Now I definitely am a fan of finding and calling out data frauds, but I do have to wonder about the broad net cast here. I have not looked up the individual studies, nor do I know enough about most of the fields to know the reputations of the authors in question, but I do wonder what the explanations for the issue with the 90 trials will be. With all the care taken by Carlisle (ie setting his own p-value cutoff at < .0001) It seems likely that a large number of these will be real fraud cases, and that’s great! But it seems likely at least some will have a different explanation, and I’m not sure how many will be in each bucket. The paper itself raises these possibilities, but it will be interesting to see what proportion of the sample was innocent mistakes vs fraud.

This is an interesting data point in the whole ethics of calling BS debate. While the paper is nuanced in its conclusions and raises multiple possibilities for the data issues, it’s hard to imagine the people named won’t have a very rough couple of months.

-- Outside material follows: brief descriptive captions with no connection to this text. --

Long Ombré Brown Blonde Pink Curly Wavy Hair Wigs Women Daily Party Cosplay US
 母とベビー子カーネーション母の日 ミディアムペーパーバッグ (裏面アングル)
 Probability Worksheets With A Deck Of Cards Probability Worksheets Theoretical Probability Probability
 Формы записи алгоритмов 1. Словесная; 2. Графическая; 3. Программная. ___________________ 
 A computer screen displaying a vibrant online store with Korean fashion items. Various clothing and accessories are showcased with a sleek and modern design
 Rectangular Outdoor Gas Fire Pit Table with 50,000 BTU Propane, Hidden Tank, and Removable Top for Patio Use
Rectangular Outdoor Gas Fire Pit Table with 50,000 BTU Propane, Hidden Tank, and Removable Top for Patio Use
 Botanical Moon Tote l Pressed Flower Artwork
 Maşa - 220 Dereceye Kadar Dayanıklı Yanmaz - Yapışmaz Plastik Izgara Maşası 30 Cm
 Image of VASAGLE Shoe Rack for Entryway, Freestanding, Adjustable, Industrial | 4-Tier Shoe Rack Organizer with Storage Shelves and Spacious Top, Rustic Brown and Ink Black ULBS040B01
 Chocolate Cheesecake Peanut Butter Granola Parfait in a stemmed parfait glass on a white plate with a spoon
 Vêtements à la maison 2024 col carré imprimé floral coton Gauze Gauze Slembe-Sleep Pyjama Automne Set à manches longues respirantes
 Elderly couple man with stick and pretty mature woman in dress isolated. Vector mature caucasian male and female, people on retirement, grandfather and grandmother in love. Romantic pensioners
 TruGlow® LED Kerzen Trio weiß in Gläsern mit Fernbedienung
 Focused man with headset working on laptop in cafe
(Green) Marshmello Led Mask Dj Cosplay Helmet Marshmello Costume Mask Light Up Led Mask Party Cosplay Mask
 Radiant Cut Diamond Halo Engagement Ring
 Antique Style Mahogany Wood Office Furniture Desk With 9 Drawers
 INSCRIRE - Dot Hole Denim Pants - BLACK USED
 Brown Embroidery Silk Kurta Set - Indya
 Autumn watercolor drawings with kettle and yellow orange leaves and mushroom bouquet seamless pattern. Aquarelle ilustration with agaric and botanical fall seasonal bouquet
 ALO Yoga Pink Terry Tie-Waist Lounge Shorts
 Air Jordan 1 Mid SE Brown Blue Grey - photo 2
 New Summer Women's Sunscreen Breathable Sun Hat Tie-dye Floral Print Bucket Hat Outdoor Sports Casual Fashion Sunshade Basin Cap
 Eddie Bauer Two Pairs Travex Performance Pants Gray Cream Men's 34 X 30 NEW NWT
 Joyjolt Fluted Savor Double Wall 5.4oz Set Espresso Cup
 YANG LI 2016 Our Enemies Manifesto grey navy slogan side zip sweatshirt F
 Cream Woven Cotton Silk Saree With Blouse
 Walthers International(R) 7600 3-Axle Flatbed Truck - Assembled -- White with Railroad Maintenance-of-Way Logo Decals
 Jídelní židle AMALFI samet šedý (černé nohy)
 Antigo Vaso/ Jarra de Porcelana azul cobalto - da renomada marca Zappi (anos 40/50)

This is why I want to check back in a year to see what happened. For more interesting discussion of the ethics and possible implications, see here. Some interesting point raised there include a discussion about statute of limitations (are we going back for decades?) and how to judge trials going forward now that the method has been released to the public.

To note: Carlisle has published a sensational paper here, but he actually has a great idea about how to use this going forward. He recommends all journals should do this analysis on papers submitted or accepted for publication, so they can inquire about discrepancies with authors up front. This would make sure that innocent mistakes were caught before being published, and that possible frauds would know there were extra safeguards in place. That seems a nice balance of addressing a problem while not overreaching, and apparently has already been implemented by the journal Anaesthesia.